Jyoti Chugh Verma, my friend from The Times of India, gifted me an unforgettable recreational experience of a lifetime. She took me sailing off Gateway of India in the mid-1980s. The joy of the early morning winter breeze with the soft waves lapping close and the sweaty activity of managing the sails and observing the beauty of the ocean and skies in the stillness are memories embedded for life. Nostalgia!




Thirty-five years later, Mumbai’s beautiful coastline and yachting as a sporting recreational activity is today out of bounds for people with disabilities on wheelchairs. Such is the case for almost every kind of therapeutic sports recreation in India. We Indians may be proud and excited about our 19 Paralympian winners but we see only their smiles not the struggles, strife or misery that lie behind their successes. That they bring laurels to their country is only an afterthought as they are persons with disabilities.
Personally, I have always been adventurous and sporty, representing my school in basketball, throwball and baseball. During college, I coached for badminton, played garba and dandiya as well as visited discotheques and danced to peppy music!
Recreational wheelchair sports rehabilitation has been an integral therapeutic group activity at our NGO Nina Foundation too. The needs, aspirations and dreams of a human being remain unchanged, disability notwithstanding.

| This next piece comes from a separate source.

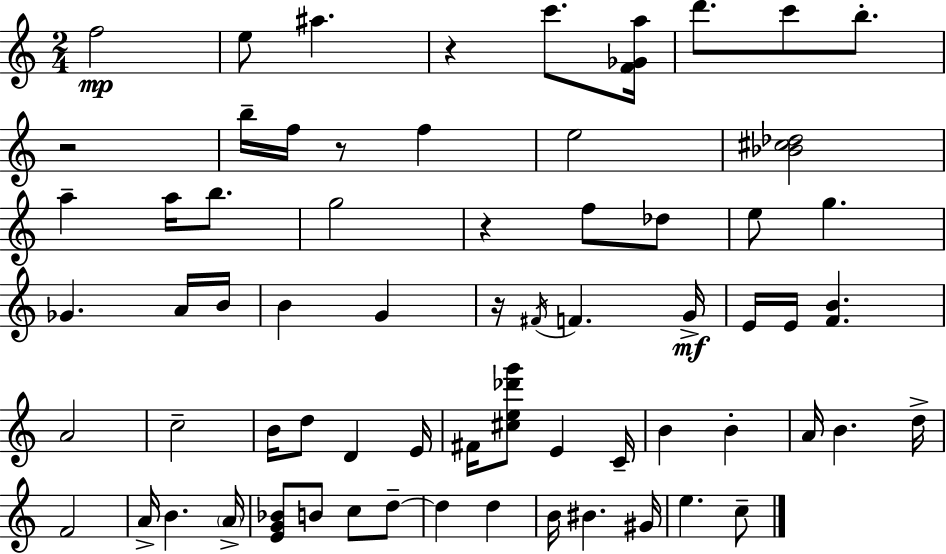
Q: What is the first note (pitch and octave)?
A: F5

In fact, the very first milestone for us was sponsoring wheelchair cricket and throwball trophies for our national sports in 2000!
I dream of golf courses, athletics, dirt biking, swimming, archery, wheelchair racing, and green parks – all with a sign that says ‘Open for All!’ The new definition of ‘winners’ are those humane people who empathise, enable and execute infrastructure design and projects, enabling every citizen to participate in every recreational activity right from the thinking phase. Thinking holistically and bringing about wheelchair access to locker spaces, to sports stores rackets, bat-ball washrooms, changing rooms, cafes et al. There needs to be training for all coaches, trainers, lifeguards and all the staff including the security personnel who seem to think that ‘wheelchairs harm the curated basketball, tennis or badminton courts; but they do in fact, hurt the self-esteem and confidence of the wheelchair user!’

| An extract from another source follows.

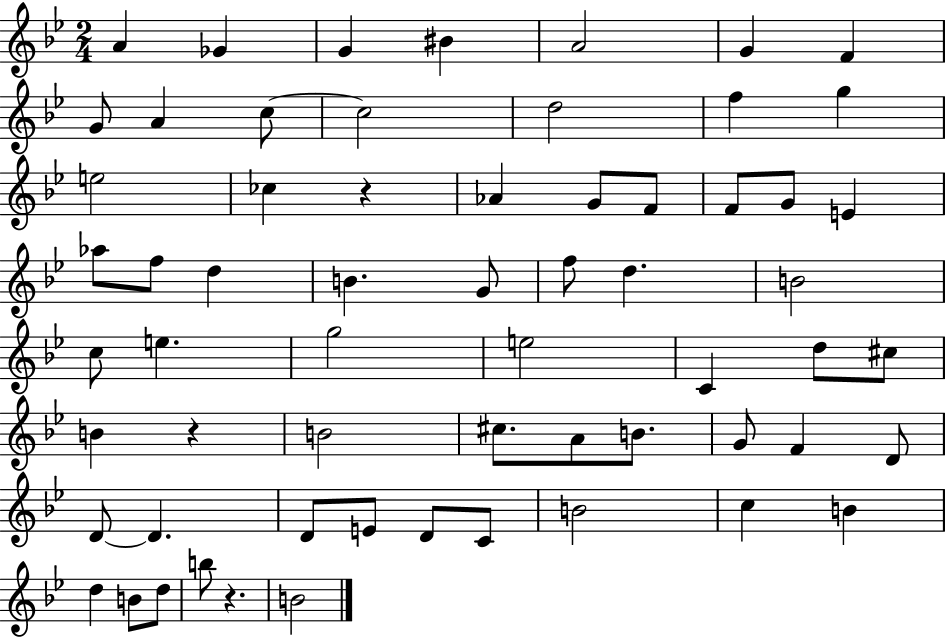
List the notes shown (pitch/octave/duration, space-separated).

As part of social community service, we should also encourage our youth to volunteer and support players with disability, wheeling them from their home or workplace to the gymkhana, stadium, court or ground and relieving their family members. This new breed of empathetic doers can convert them from mere cheering spectators to true winners. Enabling such an India – with the freedom to live, work and play – would be the real respect and honour to eighty million persons with disabilities in the country. Work-life balance, fitness, exercise, a break from routine, going out in the sunlight, socialising and releasing endorphins or ‘happy hormones’ – everyone needs these!
One of the items on my bucket list is to play badminton with my brother Dhaval like we did in our younger days. Indian Gymkhana is close by, I have my sports wheelchair and racket, and Dhaval is ready to serve. The only hitch is that the court is on the first floor without an elevator! Do I hear some empathetic players make this accessible for all? Let us keep in mind that a fit mind and body is for the benefit of all… not just for mine!
In the words of Harry Allen Overstreet: “Recreation is not a secondary concern for a democracy. It is a primary concern. The kind of recreation people make for themselves, determines the kind of people they become and the kind of society they build.”